Getting to the actual topic

The following code is how SQLite (written in C89) defines 64-bit integers, but I don't find it convincing. That is, I don't think it's going to work everywhere. Worst of all, it could fail silently:

/*
** CAPI3REF: 64-Bit Integer Types
** KEYWORDS: sqlite_int64 sqlite_uint64
**
** Because there is no cross-platform way to specify 64-bit integer types
** SQLite includes typedefs for 64-bit signed and unsigned integers.
*/
#ifdef SQLITE_INT64_TYPE
  typedef SQLITE_INT64_TYPE sqlite_int64;
  typedef unsigned SQLITE_INT64_TYPE sqlite_uint64;
#elif defined(_MSC_VER) || defined(__BORLANDC__)
  typedef __int64 sqlite_int64;
  typedef unsigned __int64 sqlite_uint64;
#else
  typedef long long int sqlite_int64;
  typedef unsigned long long int sqlite_uint64;
#endif
typedef sqlite_int64 sqlite3_int64;
typedef sqlite_uint64 sqlite3_uint64;

So, this is what I've been doing so far:

  • Checking that the "char" data type is 8 bits long, since it's not guaranteed to be.
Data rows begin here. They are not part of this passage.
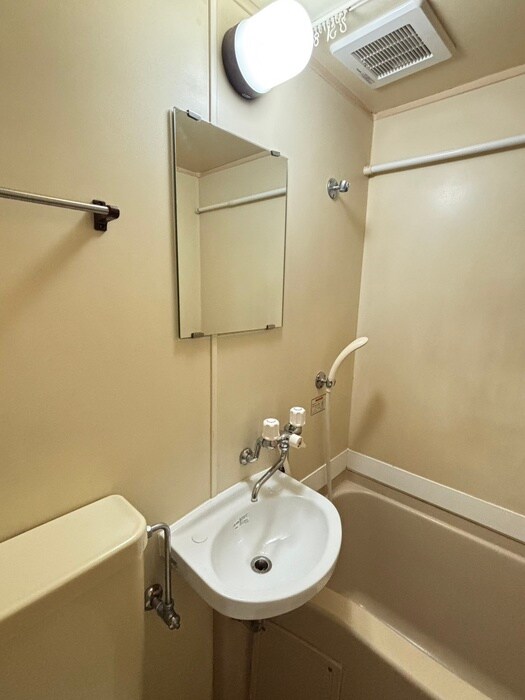 物件内観写真12　(洗面)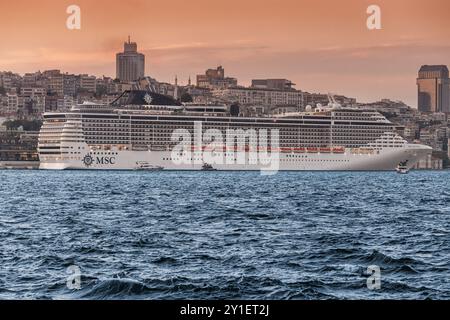 10. Juli 2024, Istanbul, Türkei: Das luxuriöse Kreuzfahrtschiff MSC Splendida im Hafen von Istanbul bietet ein gehobenes Erlebnis für Sommerreisende. Stockfoto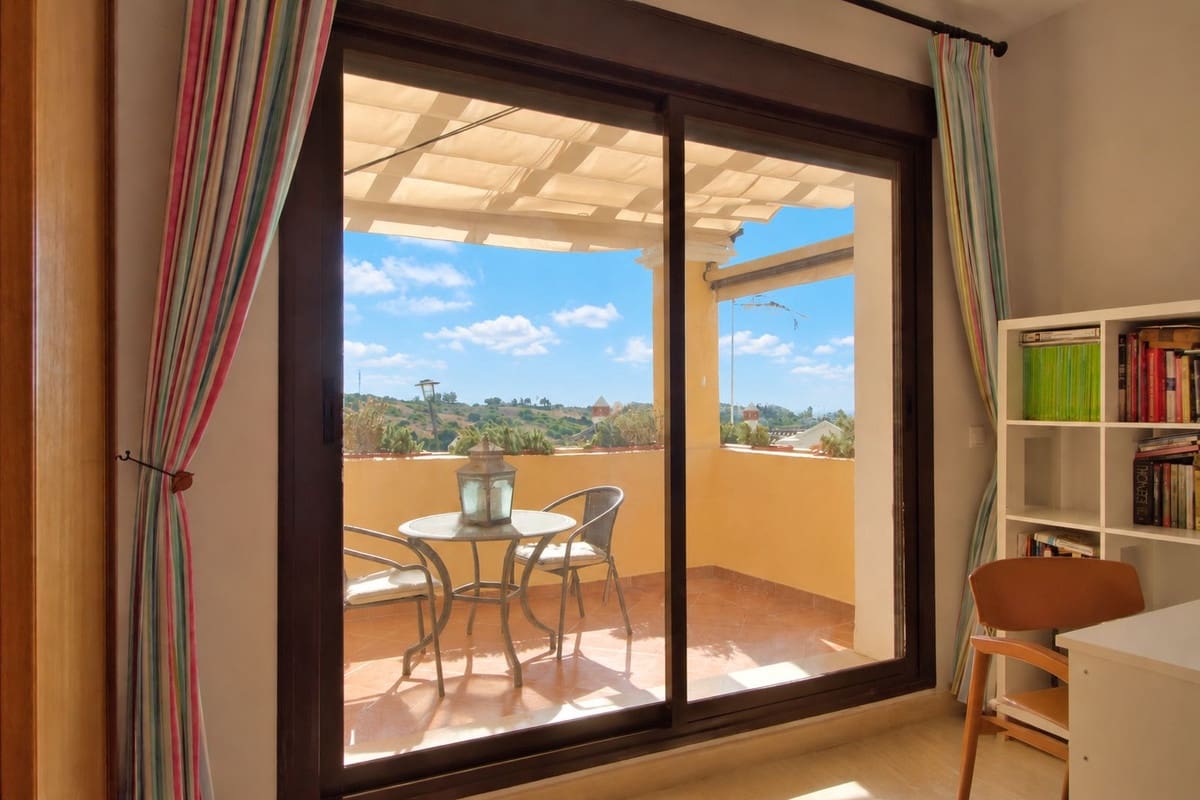 3 soverom Leilighet til salgs i Estepona med svømmebasseng garasje - € 487 000 (Ref: 10140905)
If the preprocessor variable "CHAR_BIT" is not equal to 8, compilation fails
  • Now that "char" is guaranteed to be 8 bits long, I create a struct containing an array of several unsigned chars, which correspond to several bytes in the integer.
  • I write "operator" functions for my datatypes. Addition, multiplication, division, modulo, conversion from/to string, etc.

I have abstracted this process in a header file, which is the best I can do with what I know, but I wonder if there is a more straightforward way to achieve this.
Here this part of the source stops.